▶ Your goal
Each record is to be transcribed in full and exactly.

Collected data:
• • • •

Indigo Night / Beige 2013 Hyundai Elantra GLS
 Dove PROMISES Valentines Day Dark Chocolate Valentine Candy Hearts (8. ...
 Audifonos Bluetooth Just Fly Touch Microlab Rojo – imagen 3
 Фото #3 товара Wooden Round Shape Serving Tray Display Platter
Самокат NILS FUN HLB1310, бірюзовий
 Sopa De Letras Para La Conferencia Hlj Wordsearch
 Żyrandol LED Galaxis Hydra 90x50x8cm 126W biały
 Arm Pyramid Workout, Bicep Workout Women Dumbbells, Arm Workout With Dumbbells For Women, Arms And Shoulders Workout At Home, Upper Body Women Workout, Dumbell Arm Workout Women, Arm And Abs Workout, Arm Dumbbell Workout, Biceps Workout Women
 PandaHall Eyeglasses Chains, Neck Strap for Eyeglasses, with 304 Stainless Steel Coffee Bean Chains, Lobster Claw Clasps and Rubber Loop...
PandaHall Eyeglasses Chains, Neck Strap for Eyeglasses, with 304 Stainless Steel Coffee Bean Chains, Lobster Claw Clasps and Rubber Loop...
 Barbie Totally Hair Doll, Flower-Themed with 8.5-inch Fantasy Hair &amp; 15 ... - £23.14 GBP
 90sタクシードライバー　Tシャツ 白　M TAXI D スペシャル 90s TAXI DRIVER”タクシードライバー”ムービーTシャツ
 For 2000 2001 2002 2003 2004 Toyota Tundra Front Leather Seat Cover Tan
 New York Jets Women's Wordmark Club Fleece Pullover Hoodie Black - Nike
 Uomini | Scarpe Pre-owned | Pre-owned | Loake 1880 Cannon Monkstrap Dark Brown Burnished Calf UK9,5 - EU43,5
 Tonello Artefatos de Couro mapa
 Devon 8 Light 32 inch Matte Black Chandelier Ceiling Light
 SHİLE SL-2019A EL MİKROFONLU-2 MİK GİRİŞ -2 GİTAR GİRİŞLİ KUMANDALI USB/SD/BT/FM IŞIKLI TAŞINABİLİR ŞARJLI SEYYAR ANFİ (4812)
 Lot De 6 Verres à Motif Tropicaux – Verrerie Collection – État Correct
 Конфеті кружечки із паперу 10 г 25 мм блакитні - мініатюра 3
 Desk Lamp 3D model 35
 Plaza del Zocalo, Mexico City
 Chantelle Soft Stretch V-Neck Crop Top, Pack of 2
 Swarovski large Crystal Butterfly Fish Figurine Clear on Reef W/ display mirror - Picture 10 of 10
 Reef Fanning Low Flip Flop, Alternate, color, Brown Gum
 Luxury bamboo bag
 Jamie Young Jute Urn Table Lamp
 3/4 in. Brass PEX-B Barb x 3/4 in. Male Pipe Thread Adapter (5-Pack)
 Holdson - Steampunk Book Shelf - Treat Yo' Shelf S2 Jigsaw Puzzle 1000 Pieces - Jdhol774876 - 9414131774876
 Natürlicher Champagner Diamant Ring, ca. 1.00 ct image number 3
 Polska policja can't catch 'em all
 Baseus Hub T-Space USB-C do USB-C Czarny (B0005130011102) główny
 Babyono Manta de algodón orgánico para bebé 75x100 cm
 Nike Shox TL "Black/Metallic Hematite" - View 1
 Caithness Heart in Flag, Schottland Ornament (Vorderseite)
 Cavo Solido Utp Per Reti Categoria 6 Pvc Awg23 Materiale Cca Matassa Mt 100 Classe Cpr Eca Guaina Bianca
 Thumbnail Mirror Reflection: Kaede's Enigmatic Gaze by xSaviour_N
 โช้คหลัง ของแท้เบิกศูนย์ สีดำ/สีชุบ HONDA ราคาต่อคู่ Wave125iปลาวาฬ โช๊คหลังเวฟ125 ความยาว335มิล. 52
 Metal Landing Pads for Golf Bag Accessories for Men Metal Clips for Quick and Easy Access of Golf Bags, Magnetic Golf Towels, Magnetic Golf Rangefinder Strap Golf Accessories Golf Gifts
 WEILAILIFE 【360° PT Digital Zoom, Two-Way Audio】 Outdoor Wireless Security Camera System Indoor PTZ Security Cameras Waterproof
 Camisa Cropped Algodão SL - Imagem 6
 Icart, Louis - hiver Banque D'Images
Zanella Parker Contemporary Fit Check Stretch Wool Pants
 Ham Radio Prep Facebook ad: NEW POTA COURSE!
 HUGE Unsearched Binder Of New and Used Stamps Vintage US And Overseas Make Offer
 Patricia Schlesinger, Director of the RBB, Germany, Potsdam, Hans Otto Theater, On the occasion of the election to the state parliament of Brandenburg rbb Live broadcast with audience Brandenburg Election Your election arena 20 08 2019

• • • •

▶ Task response
Indigo Night / Beige 2013 Hyundai Elantra GLS
 Dove PROMISES Valentines Day Dark Chocolate Valentine Candy Hearts (8. ...
 Audifonos Bluetooth Just Fly Touch Microlab Rojo – imagen 3
 Фото #3 товара Wooden Round Shape Serving Tray Display Platter
Самокат NILS FUN HLB1310, бірюзовий
 Sopa De Letras Para La Conferencia Hlj Wordsearch
 Żyrandol LED Galaxis Hydra 90x50x8cm 126W biały
 Arm Pyramid Workout, Bicep Workout Women Dumbbells, Arm Workout With Dumbbells For Women, Arms And Shoulders Workout At Home, Upper Body Women Workout, Dumbell Arm Workout Women, Arm And Abs Workout, Arm Dumbbell Workout, Biceps Workout Women
 PandaHall Eyeglasses Chains, Neck Strap for Eyeglasses, with 304 Stainless Steel Coffee Bean Chains, Lobster Claw Clasps and Rubber Loop...
PandaHall Eyeglasses Chains, Neck Strap for Eyeglasses, with 304 Stainless Steel Coffee Bean Chains, Lobster Claw Clasps and Rubber Loop...
 Barbie Totally Hair Doll, Flower-Themed with 8.5-inch Fantasy Hair &amp; 15 ... - £23.14 GBP
 90sタクシードライバー　Tシャツ 白　M TAXI D スペシャル 90s TAXI DRIVER”タクシードライバー”ムービーTシャツ
 For 2000 2001 2002 2003 2004 Toyota Tundra Front Leather Seat Cover Tan
 New York Jets Women's Wordmark Club Fleece Pullover Hoodie Black - Nike
 Uomini | Scarpe Pre-owned | Pre-owned | Loake 1880 Cannon Monkstrap Dark Brown Burnished Calf UK9,5 - EU43,5
 Tonello Artefatos de Couro mapa
 Devon 8 Light 32 inch Matte Black Chandelier Ceiling Light
 SHİLE SL-2019A EL MİKROFONLU-2 MİK GİRİŞ -2 GİTAR GİRİŞLİ KUMANDALI USB/SD/BT/FM IŞIKLI TAŞINABİLİR ŞARJLI SEYYAR ANFİ (4812)
 Lot De 6 Verres à Motif Tropicaux – Verrerie Collection – État Correct
 Конфеті кружечки із паперу 10 г 25 мм блакитні - мініатюра 3
 Desk Lamp 3D model 35
 Plaza del Zocalo, Mexico City
 Chantelle Soft Stretch V-Neck Crop Top, Pack of 2
 Swarovski large Crystal Butterfly Fish Figurine Clear on Reef W/ display mirror - Picture 10 of 10
 Reef Fanning Low Flip Flop, Alternate, color, Brown Gum
 Luxury bamboo bag
 Jamie Young Jute Urn Table Lamp
 3/4 in. Brass PEX-B Barb x 3/4 in. Male Pipe Thread Adapter (5-Pack)
 Holdson - Steampunk Book Shelf - Treat Yo' Shelf S2 Jigsaw Puzzle 1000 Pieces - Jdhol774876 - 9414131774876
 Natürlicher Champagner Diamant Ring, ca. 1.00 ct image number 3
 Polska policja can't catch 'em all
 Baseus Hub T-Space USB-C do USB-C Czarny (B0005130011102) główny
 Babyono Manta de algodón orgánico para bebé 75x100 cm
 Nike Shox TL "Black/Metallic Hematite" - View 1
 Caithness Heart in Flag, Schottland Ornament (Vorderseite)
 Cavo Solido Utp Per Reti Categoria 6 Pvc Awg23 Materiale Cca Matassa Mt 100 Classe Cpr Eca Guaina Bianca
 Thumbnail Mirror Reflection: Kaede's Enigmatic Gaze by xSaviour_N
 โช้คหลัง ของแท้เบิกศูนย์ สีดำ/สีชุบ HONDA ราคาต่อคู่ Wave125iปลาวาฬ โช๊คหลังเวฟ125 ความยาว335มิล. 52
 Metal Landing Pads for Golf Bag Accessories for Men Metal Clips for Quick and Easy Access of Golf Bags, Magnetic Golf Towels, Magnetic Golf Rangefinder Strap Golf Accessories Golf Gifts
 WEILAILIFE 【360° PT Digital Zoom, Two-Way Audio】 Outdoor Wireless Security Camera System Indoor PTZ Security Cameras Waterproof
 Camisa Cropped Algodão SL - Imagem 6
 Icart, Louis - hiver Banque D'Images
Zanella Parker Contemporary Fit Check Stretch Wool Pants
 Ham Radio Prep Facebook ad: NEW POTA COURSE!
 HUGE Unsearched Binder Of New and Used Stamps Vintage US And Overseas Make Offer
 Patricia Schlesinger, Director of the RBB, Germany, Potsdam, Hans Otto Theater, On the occasion of the election to the state parliament of Brandenburg rbb Live broadcast with audience Brandenburg Election Your election arena 20 08 2019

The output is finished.